What you need to know:
- The war has claimed at least 12,190 lives according to a conservative estimate by the Armed Conflict Location & Event Data Project.
The nine-month war between Sudan's rival generals could create a "generational catastrophe" for the country's 24 million children, UNICEF's representative in Sudan has told AFP.
"The conflict in Sudan is severely putting at risk the health and wellbeing of Sudan's 24 million children," Mandeep O'Brien said in an interview late on Thursday.
The fighting will not only have a serious impact on the future of Sudan, but will also "heavily (affect) the wider region", O'Brien said.
Since mid-April last year, Sudan has been gripped by a war pitting army chief Abdel Fattah al-Burhan against his former deputy, paramilitary commander Mohamed Hamdan Daglo.
The war has claimed at least 12,190 lives according to a conservative estimate by the Armed Conflict Location & Event Data Project.
The United Nations says more than seven million people have been displaced.
They include 3.5 million children, according to O'Brien, leaving Sudan facing "the largest displacement crisis in the world".
'Sudan needs peace'
If the deadly power struggle continues, the impact on the country -- already one of the poorest in the world -- will be "unthinkable", O'Brien said.
"Sudan needs peace to avert a generational catastrophe," she said.
"The future of the country is at stake: almost 20 million children in Sudan will not go to school this year without urgent action."
Few areas of the country, which has 48 million inhabitants, have been spared from violence, shortages and looting, with 14 million children in need of emergency humanitarian aid, according to O'Brien.
Even before the war, a third of Sudan's population faced a hunger crisis while seven million children were not in school, particularly in rural areas where almost two-thirds of the population live.
The war has only added to the challenges posed by poverty and repeated conflicts in the country, which ousted longtime leader Omar al-Bashir in 2019 but saw a brief democratic transition abruptly ended by a coup in 2021.
Today, millions of children are at risk from "killing, maiming, child recruitment, violence (and) rape", O'Brien said.
The UN and NGOs have repeatedly condemned the use of child soldiers in Sudan by paramilitaries and tribal militias.
Meanwhile, women's rights activists say rape has plagued the country for decades, often affecting young women and girls.
Rape has also been used as a weapon in the latest conflict -- particularly by Daglo's Rapid Support Forces (RSF), according to the UN.
With much of the country's infrastructure destroyed, 7.4 million children lack access to safe drinking water and 3.5 million under the age of five are at high risk of water-borne diseases such as cholera, O'Brien said.
According to UNICEF, some 700,000 children are suffering from severe acute malnutrition and 100,000 need life-saving treatment for acute malnutrition.

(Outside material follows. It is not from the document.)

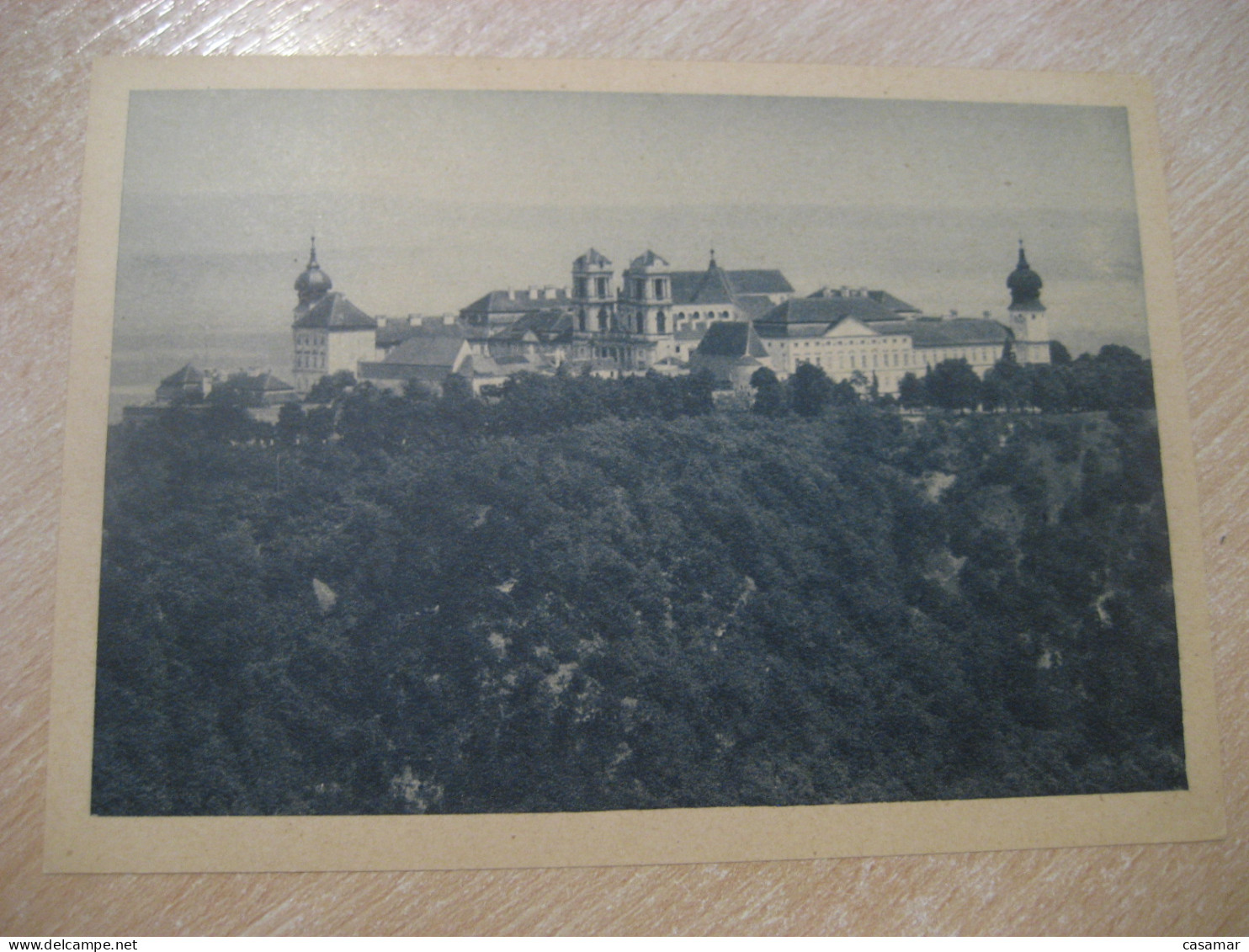 OSTEREISTEDT 2004 Rabbit Lapin Cancel Stift Gottweig Postcard GERMANY - Conejos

Around 1.3 million babies will be born in 2024 "requiring skilled support for safe delivery to protect the lives of mothers", O'Brien said, but the war has left most of the country's hospitals unable to operate.
'Cycles of violence'
However, peace in Sudan appears to be a long way off. In its annual report published on Thursday, Human Rights Watch (HRW) said the conflict had "resulted in massive abuses against civilians".

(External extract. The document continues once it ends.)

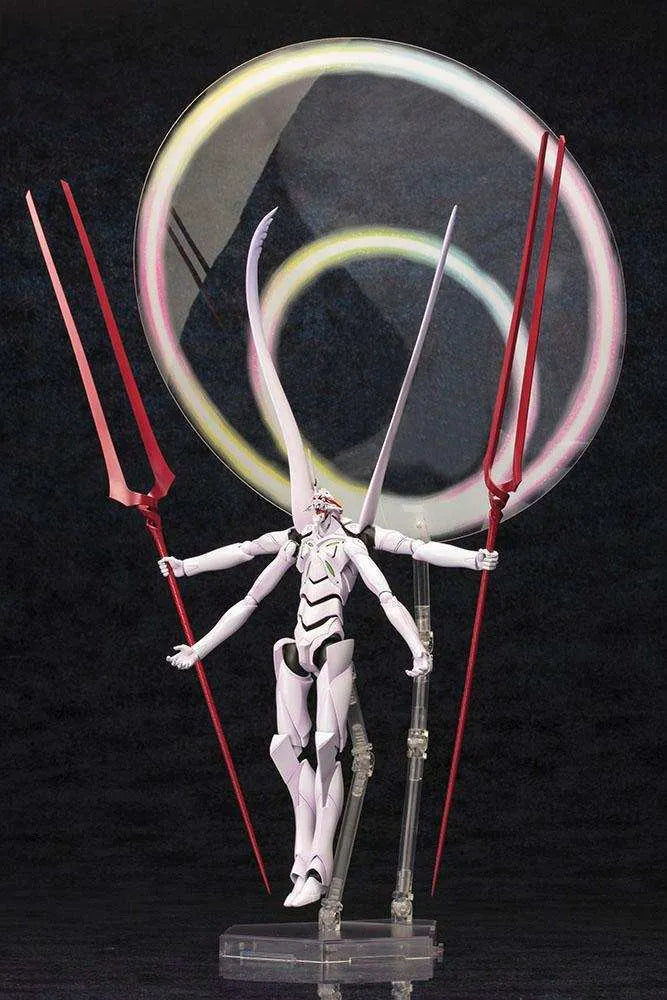 Evangelion 3.0 Plastic Model Kit 1/400 Evangelion No. 13 Awake Ver. 19 cm - Smalltinytoystore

The failure to prosecute human rights violations in the country over the past two decades of conflict had created impunity that had "fuelled repeated cycles of violence in Sudan", it added.
HRW said that Arab states and African governments had resisted efforts at the UN Human Rights Council to enforce accountability, while Western nations "were initially reluctant" to push for it or to commit the same level of resources they had done for Ukraine.
A majority of the council did eventually vote to create a mechanism for evidence gathering and preservation, but the Sudanese government has made clear it will not cooperate, said HRW.
Peace negotiations have so far amounted to little.
Since the beginning of January, Daglo has been on a diplomatic tour and even embraced Sudan's former civilian prime minister Abdalla Hamdok -- a man he had helped to oust -- in an effort, analysts said, to build legitimacy with the international community.
On Thursday, Daglo said he had presented UN Secretary General Antonio Guterres over the phone with his "vision to end the war" and "rebuild the Sudanese state on a new equitable basis".
On the same day, activists reported bombardments in Sudan's vast western region of Darfur and 33 civilians killed in air strikes in the capital Khartoum.